Task requirements =
Quote every line of the data below as it stands, omitting pictures.

Source material =

= = =

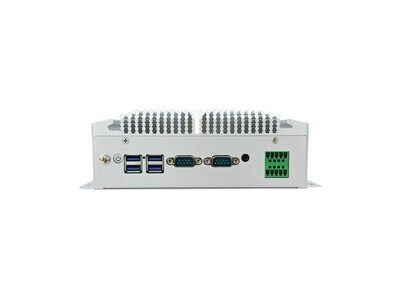 AIOTOIA 锡杨工控M52-NUC4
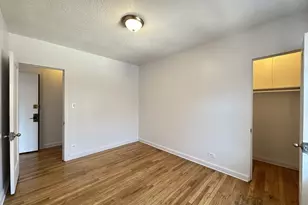 7147 S Constance Ave, Chicago, IL 60649 - Photo 19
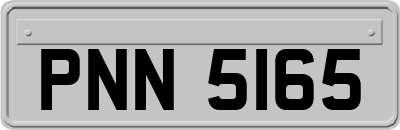 PNN5165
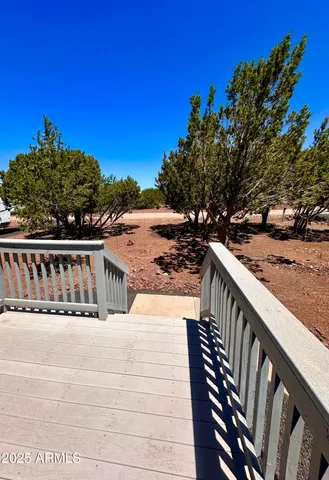 $389,999 | 28 N3139, Vernon, AZ 85940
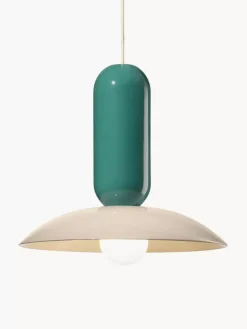 Online Recznie Wykonana Lampa Wiszaca Pau Lampy Wiszące
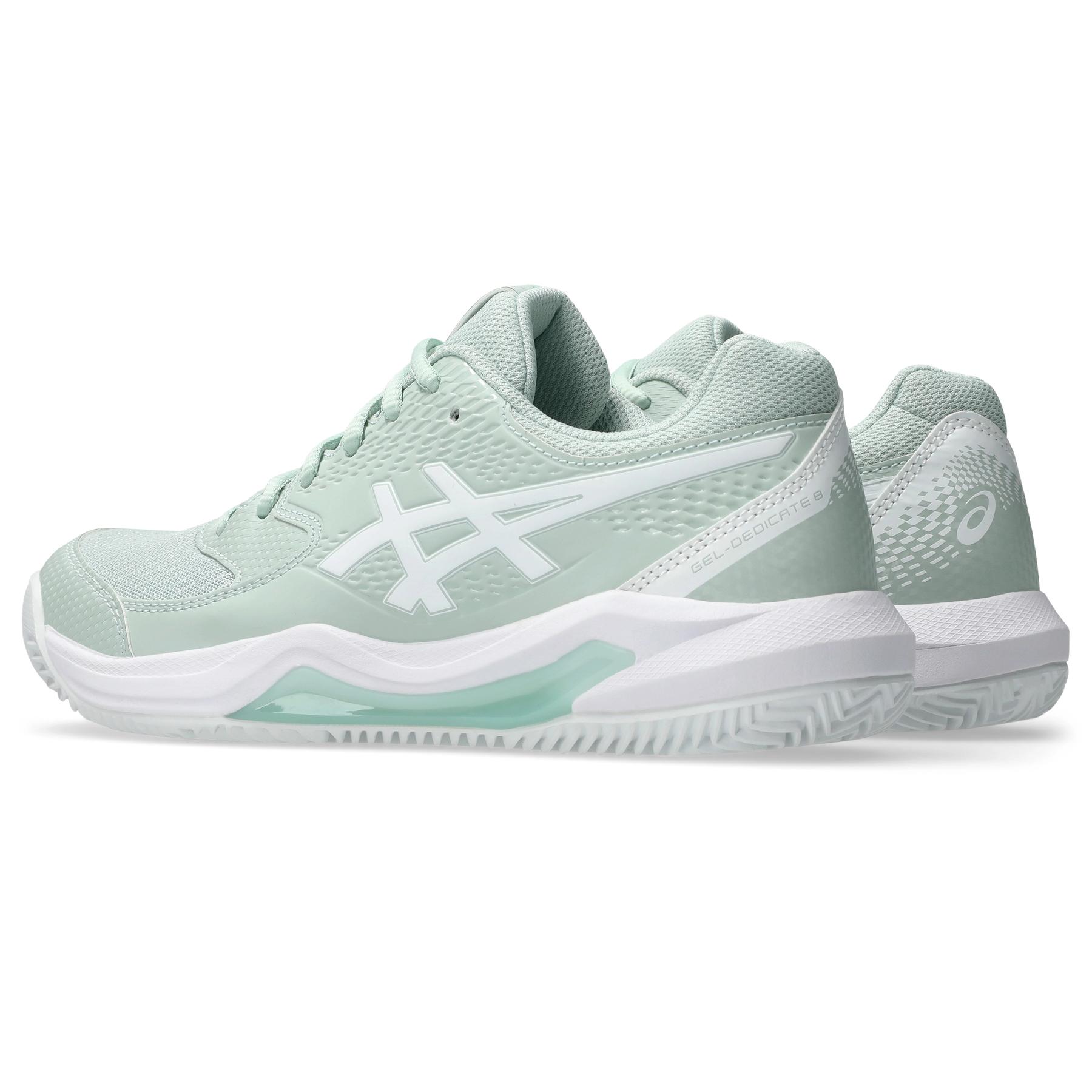 a/s/asics_1042a255---300_lichen-rock-white_3.jpg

= = =

Task result =
 AIOTOIA 锡杨工控M52-NUC4
 7147 S Constance Ave, Chicago, IL 60649 - Photo 19
 PNN5165
 $389,999 | 28 N3139, Vernon, AZ 85940
 Online Recznie Wykonana Lampa Wiszaca Pau Lampy Wiszące
 a/s/asics_1042a255---300_lichen-rock-white_3.jpg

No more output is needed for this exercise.